Libération suit la campagne de Sébastien Nadot, prof de gym et candidat néophyte de La République en marche en Haute-Garonne.
«Je suis un bébé Macron, une déclinaison locale du nouveau président. Bien conscient d'avoir été choisi parce que je lui ressemble, y compris sur le côté belle gueule. Je suis la page que l'on tourne par rapport à une histoire ancienne.» Silhouette affûtée dans son costume gris ajusté, teint hâlé et regard charmeur, Sébastien Nadot, 44 ans, candidat de La République en marche (LREM) dans la 10e circonscription de Haute-Garonne, assume son style premier de la classe. Lauréat au concours préparatoire de l'ENA, membre du Conseil économique, social et environnemental, ce prof agrégé d'éducation physique, payé 2 500 euros net par mois, a pris un congé sans solde pour faire la campagne des législatives. Il était le (petit) candidat à la présidentielle du mouvement des progressistes de Robert Hue. Mais il n'a pas obtenu les 500 signatures.
Ici, En marche est arrivé largement en tête au premier tour de la présidentielle. Mais sur ce territoire tenu à la fois par Alain Chatillon, sénateur et maire UDI de Revel, Kader Arif, député PS sortant, et Georges Méric, président PS du département, il va falloir mettre la main à la pâte. «Ce n'est pas tout d'avoir une bonne tête, des diplômes et d'avoir conseillé le nouveau président sur son programme éducatif. Ici, personne ne le connaît. Pour les gens, Macron, c'est Paris, la télé», tacle l'un des animateurs de son comité de soutien, «recalé» à l'investiture.

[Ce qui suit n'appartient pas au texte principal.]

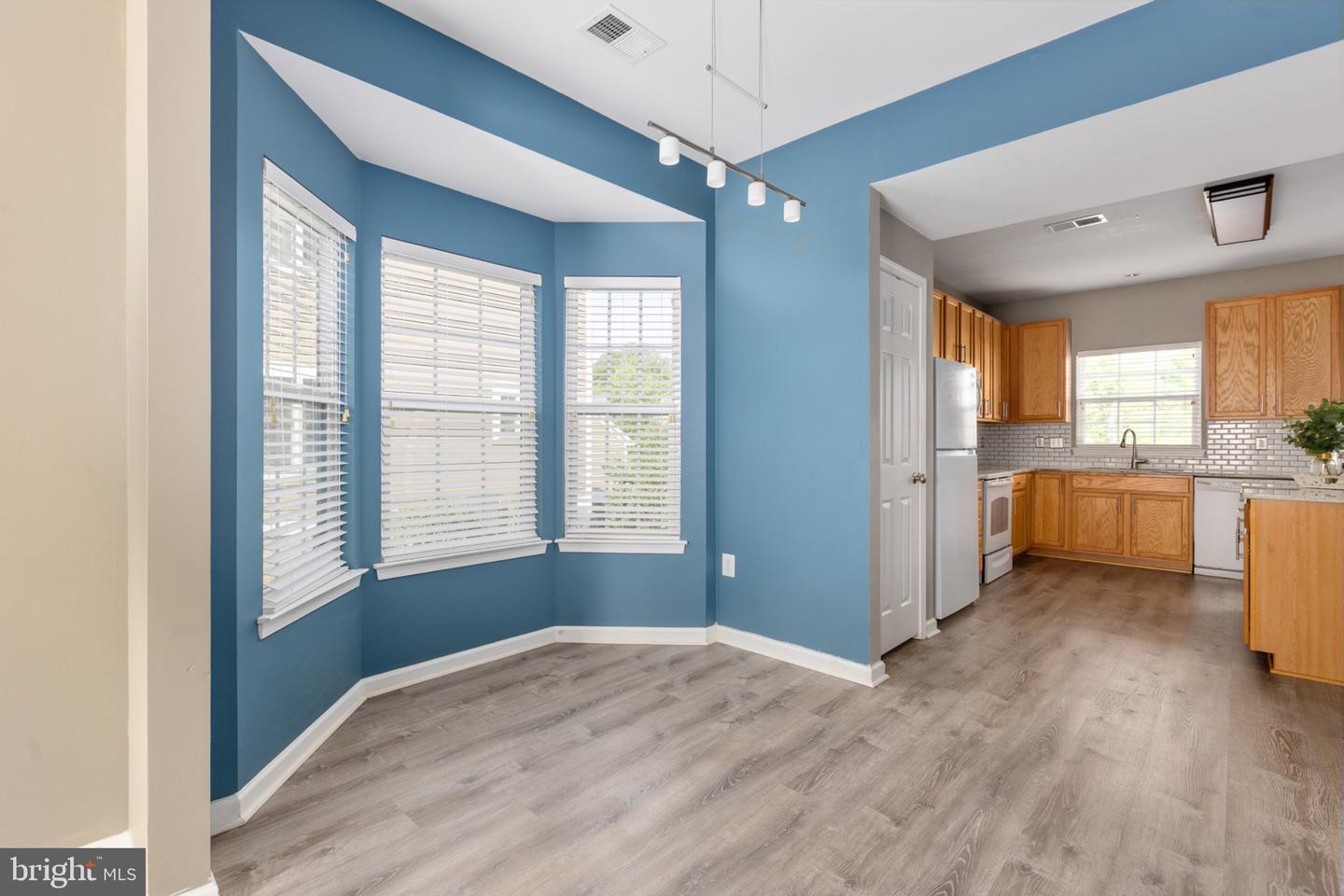 7129 Marsh St Property Photo 9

Quatre semaines d'ici au premier tour des législatives : le temps est compté. Régime à base de pâtes et «totale disponibilité» : «C'est un sprint auquel je me suis préparé, affirme Nadot. Dès demain, je serai 24 heures sur 24 sur le terrain, notamment dans les communes rurales, où le score du FN a encore progressé.» Affiches et compte de campagne, profession de foi, tracts, site internet, réseaux sociaux : pour emporter le morceau, le candidat bénéficie de la machine de son parti. Samedi, Nadot a passé la journée à Paris. Au programme : le discours de Macron et des réunions sur le financement de la campagne, le management des équipes locales et des éléments de langage sur les décisions par ordonnances du Président. «Pour expliquer que ce ne sont pas des oukases, mais une activité parlementaire en accéléré. La première concernera la transparence des élus.»
Optimiste, Nadot se voit déjà à l'Assemblée. «La place d'un député est à Paris, pour travailler à l'élaboration des lois. Elle est de défendre son territoire quand une entreprise est en difficulté. Pas de se fabriquer un réseau d'élus locaux pour assurer sa réélection. Si je suis élu, ce sera un one shot.» A l'heure de la pause saucisson-bière-fromage dans un café d'Escalquens, l'avenir immédiat est plus terre à terre. «Et demain, où va-t-on ?» demande-t-il. «Le matin, on a prévu une visite au PMU de Baziège et d'aller à la sortie de l'école en fin d'après-midi», lui répond l'un des animateurs de sa campagne, un retraité, ancien encarté PS.